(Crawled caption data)

═══

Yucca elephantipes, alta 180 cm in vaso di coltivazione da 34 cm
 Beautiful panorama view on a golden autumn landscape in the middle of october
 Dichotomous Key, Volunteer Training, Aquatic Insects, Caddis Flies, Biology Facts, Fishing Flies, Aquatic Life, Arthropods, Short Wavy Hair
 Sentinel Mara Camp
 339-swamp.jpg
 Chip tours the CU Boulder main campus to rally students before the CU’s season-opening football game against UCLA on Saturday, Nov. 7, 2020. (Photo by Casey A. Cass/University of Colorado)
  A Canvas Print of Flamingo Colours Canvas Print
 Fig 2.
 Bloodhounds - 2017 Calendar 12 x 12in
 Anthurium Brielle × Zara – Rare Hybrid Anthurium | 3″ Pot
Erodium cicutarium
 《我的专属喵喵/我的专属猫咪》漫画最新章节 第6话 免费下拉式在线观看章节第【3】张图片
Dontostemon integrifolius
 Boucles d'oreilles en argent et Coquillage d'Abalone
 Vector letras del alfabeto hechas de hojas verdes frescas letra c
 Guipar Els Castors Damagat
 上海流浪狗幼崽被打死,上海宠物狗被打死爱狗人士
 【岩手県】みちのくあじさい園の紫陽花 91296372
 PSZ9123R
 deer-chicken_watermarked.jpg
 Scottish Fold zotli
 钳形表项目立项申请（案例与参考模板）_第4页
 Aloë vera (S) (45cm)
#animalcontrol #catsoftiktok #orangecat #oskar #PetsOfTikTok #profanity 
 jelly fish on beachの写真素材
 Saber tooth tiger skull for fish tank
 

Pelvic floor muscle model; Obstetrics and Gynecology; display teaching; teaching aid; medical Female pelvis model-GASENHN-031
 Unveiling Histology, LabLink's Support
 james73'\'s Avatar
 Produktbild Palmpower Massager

═══

_Activity:_ Please write out the lines that run from the one with "Saber tooth tiger skull for fish tank" to the end of the records, both included, exactly as they appear.

_Solution:_
 Saber tooth tiger skull for fish tank
 

Pelvic floor muscle model; Obstetrics and Gynecology; display teaching; teaching aid; medical Female pelvis model-GASENHN-031
 Unveiling Histology, LabLink's Support
 james73'\'s Avatar
 Produktbild Palmpower Massager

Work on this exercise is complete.